### Input material
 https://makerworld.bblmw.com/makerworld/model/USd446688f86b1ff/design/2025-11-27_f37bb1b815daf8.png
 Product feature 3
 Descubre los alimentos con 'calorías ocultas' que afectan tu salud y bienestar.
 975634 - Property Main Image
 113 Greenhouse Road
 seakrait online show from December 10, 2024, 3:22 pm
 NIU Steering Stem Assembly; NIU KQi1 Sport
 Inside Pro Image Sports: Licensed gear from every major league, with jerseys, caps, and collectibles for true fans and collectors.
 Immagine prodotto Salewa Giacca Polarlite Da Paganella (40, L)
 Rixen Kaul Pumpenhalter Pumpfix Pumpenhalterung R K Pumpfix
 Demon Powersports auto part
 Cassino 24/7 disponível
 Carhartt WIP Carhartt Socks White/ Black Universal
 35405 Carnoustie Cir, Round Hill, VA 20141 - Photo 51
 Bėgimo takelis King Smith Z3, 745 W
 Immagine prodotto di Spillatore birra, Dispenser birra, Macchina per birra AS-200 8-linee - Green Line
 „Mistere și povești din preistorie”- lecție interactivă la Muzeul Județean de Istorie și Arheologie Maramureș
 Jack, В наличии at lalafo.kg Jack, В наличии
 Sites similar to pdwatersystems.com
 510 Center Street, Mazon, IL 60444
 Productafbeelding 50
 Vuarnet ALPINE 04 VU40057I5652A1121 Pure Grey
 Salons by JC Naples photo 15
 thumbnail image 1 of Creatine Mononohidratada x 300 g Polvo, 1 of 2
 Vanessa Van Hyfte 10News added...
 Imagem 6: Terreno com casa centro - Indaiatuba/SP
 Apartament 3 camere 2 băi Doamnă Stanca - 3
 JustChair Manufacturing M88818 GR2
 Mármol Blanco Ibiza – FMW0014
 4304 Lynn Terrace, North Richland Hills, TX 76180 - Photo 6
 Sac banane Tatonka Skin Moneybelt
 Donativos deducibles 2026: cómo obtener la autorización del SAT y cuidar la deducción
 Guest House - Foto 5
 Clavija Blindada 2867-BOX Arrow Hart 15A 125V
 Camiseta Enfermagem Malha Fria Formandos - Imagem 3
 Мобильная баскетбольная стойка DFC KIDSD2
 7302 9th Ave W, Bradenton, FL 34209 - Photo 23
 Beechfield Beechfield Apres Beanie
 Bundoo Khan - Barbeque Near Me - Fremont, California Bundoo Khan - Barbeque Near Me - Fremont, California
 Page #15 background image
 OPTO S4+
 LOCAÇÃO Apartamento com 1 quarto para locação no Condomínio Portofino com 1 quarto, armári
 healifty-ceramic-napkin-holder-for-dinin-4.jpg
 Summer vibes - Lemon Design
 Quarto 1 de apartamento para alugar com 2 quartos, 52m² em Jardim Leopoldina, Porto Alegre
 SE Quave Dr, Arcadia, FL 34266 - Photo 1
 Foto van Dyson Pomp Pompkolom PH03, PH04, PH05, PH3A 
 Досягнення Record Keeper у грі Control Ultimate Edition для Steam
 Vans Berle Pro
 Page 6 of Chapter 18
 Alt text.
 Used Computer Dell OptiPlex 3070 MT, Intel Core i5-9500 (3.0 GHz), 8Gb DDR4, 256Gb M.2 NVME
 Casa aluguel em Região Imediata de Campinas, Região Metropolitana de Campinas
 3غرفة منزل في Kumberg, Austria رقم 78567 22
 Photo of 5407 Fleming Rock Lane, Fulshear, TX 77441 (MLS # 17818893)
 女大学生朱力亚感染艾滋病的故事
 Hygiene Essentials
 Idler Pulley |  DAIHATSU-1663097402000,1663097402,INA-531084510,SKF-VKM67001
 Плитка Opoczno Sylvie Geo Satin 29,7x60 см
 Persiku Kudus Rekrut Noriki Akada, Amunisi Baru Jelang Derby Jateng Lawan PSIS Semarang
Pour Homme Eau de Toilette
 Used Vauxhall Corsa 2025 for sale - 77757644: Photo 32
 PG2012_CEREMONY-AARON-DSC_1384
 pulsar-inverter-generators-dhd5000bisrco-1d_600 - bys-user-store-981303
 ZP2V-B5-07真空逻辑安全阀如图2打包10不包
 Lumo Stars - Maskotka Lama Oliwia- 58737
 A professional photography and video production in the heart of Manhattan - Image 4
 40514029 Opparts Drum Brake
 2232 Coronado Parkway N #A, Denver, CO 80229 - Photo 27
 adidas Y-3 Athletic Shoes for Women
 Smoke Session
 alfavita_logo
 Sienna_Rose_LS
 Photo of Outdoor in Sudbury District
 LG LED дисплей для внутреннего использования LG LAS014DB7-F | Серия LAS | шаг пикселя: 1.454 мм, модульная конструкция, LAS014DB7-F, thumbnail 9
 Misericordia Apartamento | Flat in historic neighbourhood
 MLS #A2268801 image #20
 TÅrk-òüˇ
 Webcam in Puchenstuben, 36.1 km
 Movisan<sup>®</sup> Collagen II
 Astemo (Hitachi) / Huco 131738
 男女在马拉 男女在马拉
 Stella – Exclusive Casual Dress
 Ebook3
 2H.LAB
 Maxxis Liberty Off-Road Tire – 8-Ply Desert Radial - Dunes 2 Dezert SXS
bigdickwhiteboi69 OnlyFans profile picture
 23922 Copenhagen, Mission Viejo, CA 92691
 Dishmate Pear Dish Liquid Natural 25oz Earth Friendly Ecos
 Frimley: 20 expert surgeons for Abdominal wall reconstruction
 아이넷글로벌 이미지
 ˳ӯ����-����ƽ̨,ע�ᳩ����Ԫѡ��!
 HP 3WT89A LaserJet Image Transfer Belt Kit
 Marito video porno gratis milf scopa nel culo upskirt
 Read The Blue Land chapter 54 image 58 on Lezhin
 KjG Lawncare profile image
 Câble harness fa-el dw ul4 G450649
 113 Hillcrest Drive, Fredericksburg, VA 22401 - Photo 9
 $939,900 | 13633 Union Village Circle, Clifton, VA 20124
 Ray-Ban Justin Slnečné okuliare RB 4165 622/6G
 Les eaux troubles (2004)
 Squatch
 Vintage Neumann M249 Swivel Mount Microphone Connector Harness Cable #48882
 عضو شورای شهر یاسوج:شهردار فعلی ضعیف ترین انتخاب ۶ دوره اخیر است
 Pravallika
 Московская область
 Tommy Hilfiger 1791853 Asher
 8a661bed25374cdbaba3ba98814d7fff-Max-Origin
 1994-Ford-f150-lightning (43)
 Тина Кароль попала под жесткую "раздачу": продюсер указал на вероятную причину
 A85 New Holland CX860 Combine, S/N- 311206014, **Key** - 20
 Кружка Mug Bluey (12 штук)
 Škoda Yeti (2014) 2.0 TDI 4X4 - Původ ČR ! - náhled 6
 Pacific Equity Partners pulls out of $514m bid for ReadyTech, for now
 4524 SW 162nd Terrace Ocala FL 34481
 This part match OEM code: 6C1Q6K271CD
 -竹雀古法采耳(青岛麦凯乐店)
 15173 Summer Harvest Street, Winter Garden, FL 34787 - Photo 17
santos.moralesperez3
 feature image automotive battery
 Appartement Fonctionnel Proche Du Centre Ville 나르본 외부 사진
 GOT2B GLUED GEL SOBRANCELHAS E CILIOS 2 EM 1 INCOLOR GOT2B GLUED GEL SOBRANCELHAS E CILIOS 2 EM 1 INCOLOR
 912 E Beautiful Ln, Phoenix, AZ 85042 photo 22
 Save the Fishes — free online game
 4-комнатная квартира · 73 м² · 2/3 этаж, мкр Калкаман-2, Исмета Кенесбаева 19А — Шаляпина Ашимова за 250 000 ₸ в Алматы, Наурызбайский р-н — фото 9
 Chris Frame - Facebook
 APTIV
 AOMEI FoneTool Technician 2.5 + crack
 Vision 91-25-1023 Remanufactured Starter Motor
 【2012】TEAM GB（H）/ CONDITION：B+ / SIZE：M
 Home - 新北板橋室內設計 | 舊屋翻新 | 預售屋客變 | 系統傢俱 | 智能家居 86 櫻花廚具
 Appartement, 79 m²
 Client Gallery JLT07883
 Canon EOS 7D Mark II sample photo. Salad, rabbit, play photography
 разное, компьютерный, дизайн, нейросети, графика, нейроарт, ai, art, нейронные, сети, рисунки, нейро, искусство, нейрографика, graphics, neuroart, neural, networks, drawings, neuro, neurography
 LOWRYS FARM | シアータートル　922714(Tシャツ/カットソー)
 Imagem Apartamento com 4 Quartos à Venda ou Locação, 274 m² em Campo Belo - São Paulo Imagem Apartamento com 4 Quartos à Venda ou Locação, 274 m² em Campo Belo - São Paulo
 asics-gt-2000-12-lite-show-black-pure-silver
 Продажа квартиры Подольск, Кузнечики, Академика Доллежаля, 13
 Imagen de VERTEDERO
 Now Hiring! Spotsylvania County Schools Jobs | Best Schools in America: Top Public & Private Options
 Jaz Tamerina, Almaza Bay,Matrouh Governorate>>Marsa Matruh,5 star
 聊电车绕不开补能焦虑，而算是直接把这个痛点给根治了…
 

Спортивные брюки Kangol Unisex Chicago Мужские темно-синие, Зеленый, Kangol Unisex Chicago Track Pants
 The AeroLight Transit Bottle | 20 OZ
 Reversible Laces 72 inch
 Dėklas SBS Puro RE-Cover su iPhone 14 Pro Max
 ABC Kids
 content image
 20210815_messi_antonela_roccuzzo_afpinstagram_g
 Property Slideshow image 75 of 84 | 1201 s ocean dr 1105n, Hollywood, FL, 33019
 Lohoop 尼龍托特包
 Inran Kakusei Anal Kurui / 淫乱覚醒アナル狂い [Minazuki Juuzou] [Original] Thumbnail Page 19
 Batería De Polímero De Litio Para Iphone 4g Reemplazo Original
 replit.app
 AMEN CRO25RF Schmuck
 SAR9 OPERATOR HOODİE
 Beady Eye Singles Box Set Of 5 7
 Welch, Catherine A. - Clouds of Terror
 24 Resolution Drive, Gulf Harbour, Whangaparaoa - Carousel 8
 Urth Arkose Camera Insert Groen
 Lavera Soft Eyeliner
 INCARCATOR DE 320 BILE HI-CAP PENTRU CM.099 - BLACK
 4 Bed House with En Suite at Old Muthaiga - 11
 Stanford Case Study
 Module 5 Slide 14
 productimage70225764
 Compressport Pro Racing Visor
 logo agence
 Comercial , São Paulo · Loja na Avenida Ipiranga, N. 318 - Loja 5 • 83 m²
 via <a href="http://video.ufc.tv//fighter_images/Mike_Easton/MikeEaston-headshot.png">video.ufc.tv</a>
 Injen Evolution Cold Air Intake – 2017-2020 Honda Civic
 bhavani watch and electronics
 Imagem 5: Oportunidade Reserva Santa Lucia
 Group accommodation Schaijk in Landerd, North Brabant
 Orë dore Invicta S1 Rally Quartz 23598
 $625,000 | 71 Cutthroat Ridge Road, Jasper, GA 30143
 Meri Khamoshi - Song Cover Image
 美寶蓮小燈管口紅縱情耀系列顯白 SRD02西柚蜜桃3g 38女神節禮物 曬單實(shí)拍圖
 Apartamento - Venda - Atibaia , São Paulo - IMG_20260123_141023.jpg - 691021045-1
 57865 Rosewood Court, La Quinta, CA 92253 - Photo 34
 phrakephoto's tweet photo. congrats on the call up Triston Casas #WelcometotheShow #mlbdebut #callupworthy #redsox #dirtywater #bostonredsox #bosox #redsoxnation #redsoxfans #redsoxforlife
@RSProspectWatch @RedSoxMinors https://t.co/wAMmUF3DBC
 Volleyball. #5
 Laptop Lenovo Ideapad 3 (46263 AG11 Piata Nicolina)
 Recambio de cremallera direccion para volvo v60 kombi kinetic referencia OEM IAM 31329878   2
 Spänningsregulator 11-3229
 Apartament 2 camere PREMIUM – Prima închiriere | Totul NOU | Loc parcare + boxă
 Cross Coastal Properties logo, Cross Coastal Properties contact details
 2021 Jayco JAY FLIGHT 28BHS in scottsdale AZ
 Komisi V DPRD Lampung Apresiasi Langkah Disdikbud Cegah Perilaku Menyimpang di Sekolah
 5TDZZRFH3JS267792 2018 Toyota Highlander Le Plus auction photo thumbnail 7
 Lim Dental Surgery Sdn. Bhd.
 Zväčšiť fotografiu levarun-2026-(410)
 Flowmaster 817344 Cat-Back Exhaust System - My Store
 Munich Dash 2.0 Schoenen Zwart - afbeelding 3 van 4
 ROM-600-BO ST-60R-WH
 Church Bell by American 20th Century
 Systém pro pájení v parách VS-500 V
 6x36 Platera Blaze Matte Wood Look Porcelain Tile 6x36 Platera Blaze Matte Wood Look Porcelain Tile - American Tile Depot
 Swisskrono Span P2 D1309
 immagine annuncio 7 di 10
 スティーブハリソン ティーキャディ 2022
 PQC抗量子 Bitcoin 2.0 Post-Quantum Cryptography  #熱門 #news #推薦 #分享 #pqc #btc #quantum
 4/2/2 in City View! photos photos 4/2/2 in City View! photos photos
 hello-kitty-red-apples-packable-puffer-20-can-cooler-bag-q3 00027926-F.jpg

### Assignment
Only the lines above starting at the one containing "Meri Khamoshi - Song Cover Image" and ending at the one containing "Spänningsregulator 11-3229", both included, are to be returned, exactly as they read.

### Response
 Meri Khamoshi - Song Cover Image
 美寶蓮小燈管口紅縱情耀系列顯白 SRD02西柚蜜桃3g 38女神節禮物 曬單實(shí)拍圖
 Apartamento - Venda - Atibaia , São Paulo - IMG_20260123_141023.jpg - 691021045-1
 57865 Rosewood Court, La Quinta, CA 92253 - Photo 34
 phrakephoto's tweet photo. congrats on the call up Triston Casas #WelcometotheShow #mlbdebut #callupworthy #redsox #dirtywater #bostonredsox #bosox #redsoxnation #redsoxfans #redsoxforlife
@RSProspectWatch @RedSoxMinors https://t.co/wAMmUF3DBC
 Volleyball. #5
 Laptop Lenovo Ideapad 3 (46263 AG11 Piata Nicolina)
 Recambio de cremallera direccion para volvo v60 kombi kinetic referencia OEM IAM 31329878   2
 Spänningsregulator 11-3229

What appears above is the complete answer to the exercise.